Another couple of things to mention...don't stock a sorority full of expensive fish. I know many people who have done this...and it's like Murphy's Law...something is going to go wrong, and that's a lot of money down the drain. I sound so heartless, and ALL lives are important, but if you're going to do this...save a petstore girl. Give her a life of warm, clean water and good food...and hope for the best. Even if something happens in the sorority, she was better off in there than she was dying of ammonia poisoning in a petstore cup. 

Live plants make a sorority SO much easier to keep. They help so much with the cycle, or to buffer it, and they provide a much more natural habitat.

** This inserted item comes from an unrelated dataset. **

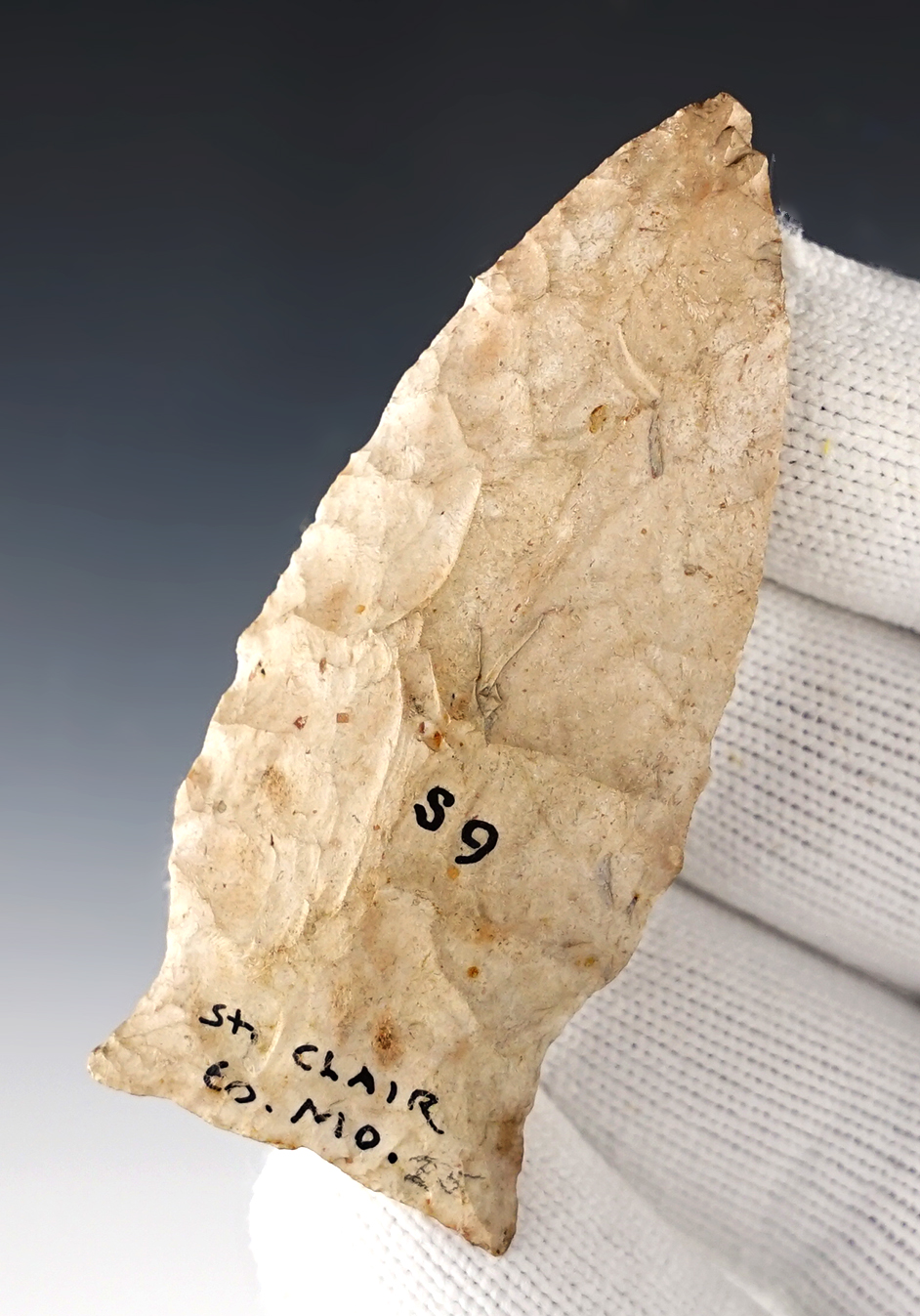 Well made 2 13/16" Rice Side Notched found in St. Clair Co., Missouri. Dickey COA.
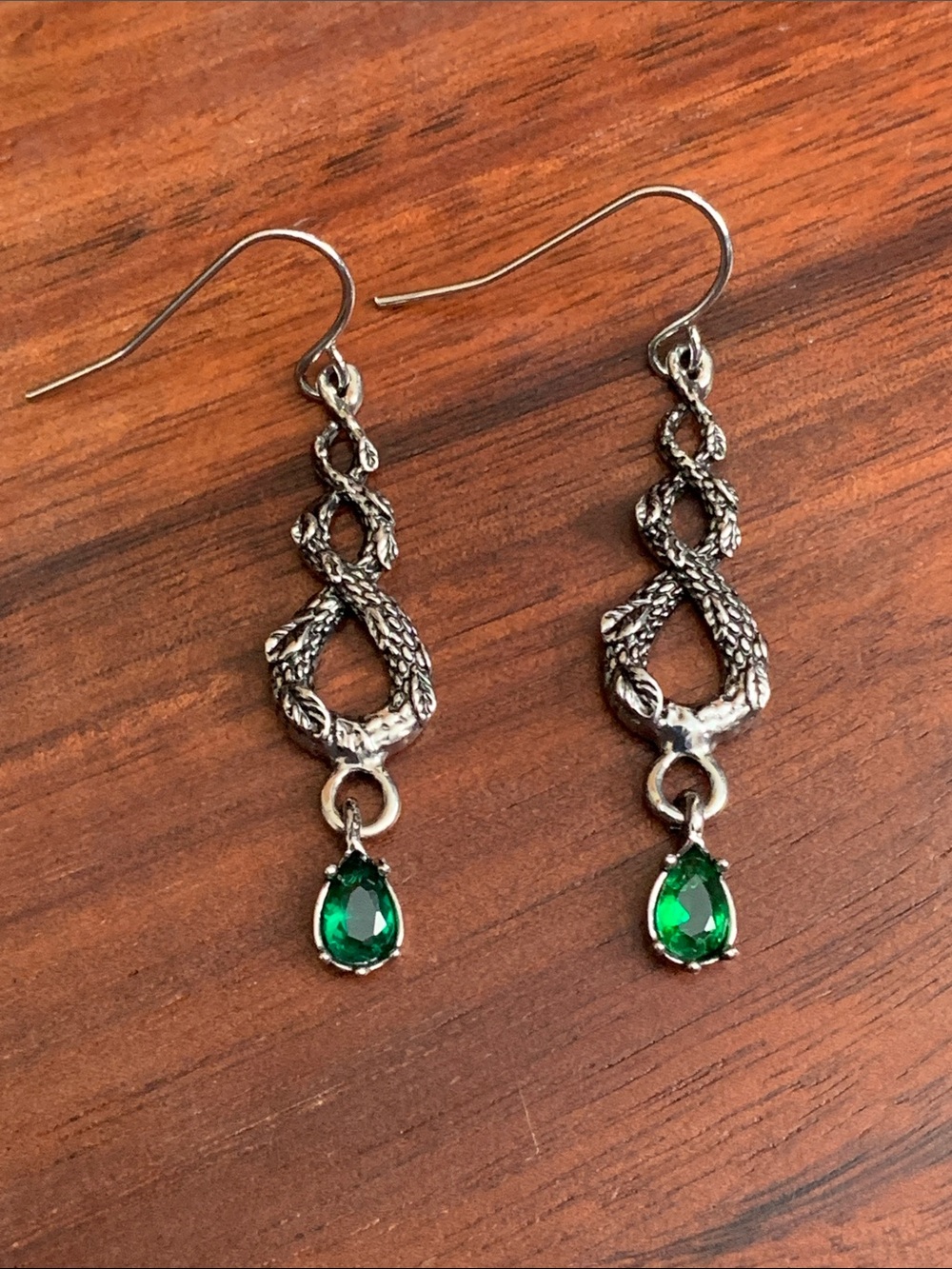 Silver tone twisted vine earrings with green stone - Picture 4 of 5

It may just be my imagination, but I swear my girls are more relaxed and happier in the now fully planted tank than they were with either all silk plants or partial silk/partial live. 

Get them all about the same age. I introduce new girls into my group every now and again, but if you have younger girls and older girls (like a year plus) it is very, very hard on the older ones to have to deal with these new, younger, stronger, and generally more aggressive females. This is why my oldest girl was "retired" a short while ago. She started clamping, skulking in the bottom of the tank, and looked generally miserable. It's taken her a little time in her new, private live planted 2.5 gallon (soon to be upgraded to a 7g cube), but she's starting to "come out of her shell", unclamping, swimming around, interacting, dancing for food...she's finally feeling safe again.  You need to be prepared for this sort of eventuality with girls...when one doesn't work out, you'll need to be prepared to find her a new home, or to give her her own space.


----------



## jaysee (Dec 9, 2009)

I've been paying attention to these sorority threads for a while now and a pretty common thing I've seen is the removal of a fish setting chaos into motion.


----------



## amphirion (Jan 15, 2014)

i do suspect that there is an alpha dominance mentality that bettas take time to establish. once when the hierarchy is established, usually there would be very little outbreaks of aggression since everyone understands their place. any time there is a disruption, aggression breaks out which makes sense since everyone is attempting to contest dominance.

i remember Bettysplendens writing an article of how a male was kept in the the spawning tank, well fed, along with the free swimming fry. the fry grew but amazingly enough, apparently no outbreaks of aggression occurred well into sexual maturity between males. however it was also noted that all of them were dull colored and displayed the 2 horizontal bars. we apparently know that the fry ended up being sexually mature, because the one time aggression did break out, it was with the alpha female of that spawn, who ended up spawning with her father. at this point the experiment was shut down since the 2nd generation of fry wouldnt make it. 

here's the interesting part--upon separation, the males automatically started turning dark and colorful, flaring and showing aggression amongst siblings.

so following observations can be made
1) presence of dominant male from the start can potentially negate any aggression since hierarchy has been established.

2) removal of dominant male, disrupts hierarchy, and alpha position is contested.

it is unknown whether or not the fish were truly stressed (apparently healthy enough to breed) so, this leads to a few possible conclusions about dull coloration and horizontal stripes: horizontal striping is not only an indicator of stress, but it could be used by a betta to signal to other bettas that it recognizes its role in the pecking order as an attempt to avoid further harassment. bright vivid colors on bettas signify dominance or the ability to contest for dominance. 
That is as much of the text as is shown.